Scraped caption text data
|---|

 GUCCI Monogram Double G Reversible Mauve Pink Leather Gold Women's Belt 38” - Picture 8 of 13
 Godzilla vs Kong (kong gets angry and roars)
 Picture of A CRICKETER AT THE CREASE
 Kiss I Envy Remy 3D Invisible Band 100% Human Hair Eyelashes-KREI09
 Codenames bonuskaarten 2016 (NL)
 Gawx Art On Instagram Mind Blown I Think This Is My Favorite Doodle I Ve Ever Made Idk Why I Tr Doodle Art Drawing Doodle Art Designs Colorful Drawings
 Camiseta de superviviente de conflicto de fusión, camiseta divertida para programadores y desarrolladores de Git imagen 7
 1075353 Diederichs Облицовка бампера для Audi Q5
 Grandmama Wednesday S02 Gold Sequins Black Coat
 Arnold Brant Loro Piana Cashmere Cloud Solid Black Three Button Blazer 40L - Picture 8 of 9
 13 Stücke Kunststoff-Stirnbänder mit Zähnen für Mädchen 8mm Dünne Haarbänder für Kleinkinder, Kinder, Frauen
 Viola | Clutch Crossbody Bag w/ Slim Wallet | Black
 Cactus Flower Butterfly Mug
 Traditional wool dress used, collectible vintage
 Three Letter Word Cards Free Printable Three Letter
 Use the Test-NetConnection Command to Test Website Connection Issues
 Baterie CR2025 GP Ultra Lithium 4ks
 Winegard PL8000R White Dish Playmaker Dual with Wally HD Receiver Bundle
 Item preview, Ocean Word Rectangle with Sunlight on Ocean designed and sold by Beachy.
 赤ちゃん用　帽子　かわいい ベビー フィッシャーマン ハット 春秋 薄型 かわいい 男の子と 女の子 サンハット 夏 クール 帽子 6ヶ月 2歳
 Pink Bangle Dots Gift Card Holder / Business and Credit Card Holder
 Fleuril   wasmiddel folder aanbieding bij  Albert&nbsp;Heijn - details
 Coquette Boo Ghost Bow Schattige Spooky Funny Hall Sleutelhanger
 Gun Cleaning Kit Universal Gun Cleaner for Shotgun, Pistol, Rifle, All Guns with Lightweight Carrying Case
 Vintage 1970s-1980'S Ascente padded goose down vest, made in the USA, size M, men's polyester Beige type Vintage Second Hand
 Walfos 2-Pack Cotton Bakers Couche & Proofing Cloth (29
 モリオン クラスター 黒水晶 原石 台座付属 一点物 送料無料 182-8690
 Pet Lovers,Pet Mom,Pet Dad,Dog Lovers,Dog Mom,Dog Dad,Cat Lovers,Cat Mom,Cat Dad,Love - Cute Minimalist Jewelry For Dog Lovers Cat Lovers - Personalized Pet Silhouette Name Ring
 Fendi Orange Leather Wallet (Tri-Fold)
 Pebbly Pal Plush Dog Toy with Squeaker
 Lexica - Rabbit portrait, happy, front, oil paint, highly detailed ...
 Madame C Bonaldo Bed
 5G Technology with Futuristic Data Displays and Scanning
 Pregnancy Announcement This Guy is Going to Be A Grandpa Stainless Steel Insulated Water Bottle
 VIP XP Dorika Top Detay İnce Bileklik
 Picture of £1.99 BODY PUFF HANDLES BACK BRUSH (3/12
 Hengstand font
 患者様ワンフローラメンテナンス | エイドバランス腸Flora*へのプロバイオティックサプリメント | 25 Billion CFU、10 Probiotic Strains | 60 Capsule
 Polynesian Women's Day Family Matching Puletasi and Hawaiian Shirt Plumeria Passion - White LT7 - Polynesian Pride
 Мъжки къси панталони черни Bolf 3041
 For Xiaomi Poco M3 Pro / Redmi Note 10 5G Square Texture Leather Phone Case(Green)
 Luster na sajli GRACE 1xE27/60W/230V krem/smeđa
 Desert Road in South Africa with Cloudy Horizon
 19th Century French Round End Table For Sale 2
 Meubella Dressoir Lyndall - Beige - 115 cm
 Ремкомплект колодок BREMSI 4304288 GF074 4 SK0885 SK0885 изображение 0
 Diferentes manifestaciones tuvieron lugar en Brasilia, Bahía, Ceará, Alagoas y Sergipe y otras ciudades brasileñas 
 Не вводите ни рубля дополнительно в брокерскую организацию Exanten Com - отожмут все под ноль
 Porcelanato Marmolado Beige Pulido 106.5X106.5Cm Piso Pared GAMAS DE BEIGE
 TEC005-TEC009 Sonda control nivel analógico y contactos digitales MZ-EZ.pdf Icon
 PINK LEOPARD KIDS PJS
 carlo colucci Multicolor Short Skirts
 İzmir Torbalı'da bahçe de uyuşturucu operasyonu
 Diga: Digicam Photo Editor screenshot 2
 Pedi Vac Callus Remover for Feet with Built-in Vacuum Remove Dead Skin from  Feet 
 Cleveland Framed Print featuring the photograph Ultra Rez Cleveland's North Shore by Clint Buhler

|---|

# [Task brief]
Make a precise copy of the records in their entirety.

# [Response area]
 GUCCI Monogram Double G Reversible Mauve Pink Leather Gold Women's Belt 38” - Picture 8 of 13
 Godzilla vs Kong (kong gets angry and roars)
 Picture of A CRICKETER AT THE CREASE
 Kiss I Envy Remy 3D Invisible Band 100% Human Hair Eyelashes-KREI09
 Codenames bonuskaarten 2016 (NL)
 Gawx Art On Instagram Mind Blown I Think This Is My Favorite Doodle I Ve Ever Made Idk Why I Tr Doodle Art Drawing Doodle Art Designs Colorful Drawings
 Camiseta de superviviente de conflicto de fusión, camiseta divertida para programadores y desarrolladores de Git imagen 7
 1075353 Diederichs Облицовка бампера для Audi Q5
 Grandmama Wednesday S02 Gold Sequins Black Coat
 Arnold Brant Loro Piana Cashmere Cloud Solid Black Three Button Blazer 40L - Picture 8 of 9
 13 Stücke Kunststoff-Stirnbänder mit Zähnen für Mädchen 8mm Dünne Haarbänder für Kleinkinder, Kinder, Frauen
 Viola | Clutch Crossbody Bag w/ Slim Wallet | Black
 Cactus Flower Butterfly Mug
 Traditional wool dress used, collectible vintage
 Three Letter Word Cards Free Printable Three Letter
 Use the Test-NetConnection Command to Test Website Connection Issues
 Baterie CR2025 GP Ultra Lithium 4ks
 Winegard PL8000R White Dish Playmaker Dual with Wally HD Receiver Bundle
 Item preview, Ocean Word Rectangle with Sunlight on Ocean designed and sold by Beachy.
 赤ちゃん用　帽子　かわいい ベビー フィッシャーマン ハット 春秋 薄型 かわいい 男の子と 女の子 サンハット 夏 クール 帽子 6ヶ月 2歳
 Pink Bangle Dots Gift Card Holder / Business and Credit Card Holder
 Fleuril   wasmiddel folder aanbieding bij  Albert&nbsp;Heijn - details
 Coquette Boo Ghost Bow Schattige Spooky Funny Hall Sleutelhanger
 Gun Cleaning Kit Universal Gun Cleaner for Shotgun, Pistol, Rifle, All Guns with Lightweight Carrying Case
 Vintage 1970s-1980'S Ascente padded goose down vest, made in the USA, size M, men's polyester Beige type Vintage Second Hand
 Walfos 2-Pack Cotton Bakers Couche & Proofing Cloth (29
 モリオン クラスター 黒水晶 原石 台座付属 一点物 送料無料 182-8690
 Pet Lovers,Pet Mom,Pet Dad,Dog Lovers,Dog Mom,Dog Dad,Cat Lovers,Cat Mom,Cat Dad,Love - Cute Minimalist Jewelry For Dog Lovers Cat Lovers - Personalized Pet Silhouette Name Ring
 Fendi Orange Leather Wallet (Tri-Fold)
 Pebbly Pal Plush Dog Toy with Squeaker
 Lexica - Rabbit portrait, happy, front, oil paint, highly detailed ...
 Madame C Bonaldo Bed
 5G Technology with Futuristic Data Displays and Scanning
 Pregnancy Announcement This Guy is Going to Be A Grandpa Stainless Steel Insulated Water Bottle
 VIP XP Dorika Top Detay İnce Bileklik
 Picture of £1.99 BODY PUFF HANDLES BACK BRUSH (3/12
 Hengstand font
 患者様ワンフローラメンテナンス | エイドバランス腸Flora*へのプロバイオティックサプリメント | 25 Billion CFU、10 Probiotic Strains | 60 Capsule
 Polynesian Women's Day Family Matching Puletasi and Hawaiian Shirt Plumeria Passion - White LT7 - Polynesian Pride
 Мъжки къси панталони черни Bolf 3041
 For Xiaomi Poco M3 Pro / Redmi Note 10 5G Square Texture Leather Phone Case(Green)
 Luster na sajli GRACE 1xE27/60W/230V krem/smeđa
 Desert Road in South Africa with Cloudy Horizon
 19th Century French Round End Table For Sale 2
 Meubella Dressoir Lyndall - Beige - 115 cm
 Ремкомплект колодок BREMSI 4304288 GF074 4 SK0885 SK0885 изображение 0
 Diferentes manifestaciones tuvieron lugar en Brasilia, Bahía, Ceará, Alagoas y Sergipe y otras ciudades brasileñas 
 Не вводите ни рубля дополнительно в брокерскую организацию Exanten Com - отожмут все под ноль
 Porcelanato Marmolado Beige Pulido 106.5X106.5Cm Piso Pared GAMAS DE BEIGE
 TEC005-TEC009 Sonda control nivel analógico y contactos digitales MZ-EZ.pdf Icon
 PINK LEOPARD KIDS PJS
 carlo colucci Multicolor Short Skirts
 İzmir Torbalı'da bahçe de uyuşturucu operasyonu
 Diga: Digicam Photo Editor screenshot 2
 Pedi Vac Callus Remover for Feet with Built-in Vacuum Remove Dead Skin from  Feet 
 Cleveland Framed Print featuring the photograph Ultra Rez Cleveland's North Shore by Clint Buhler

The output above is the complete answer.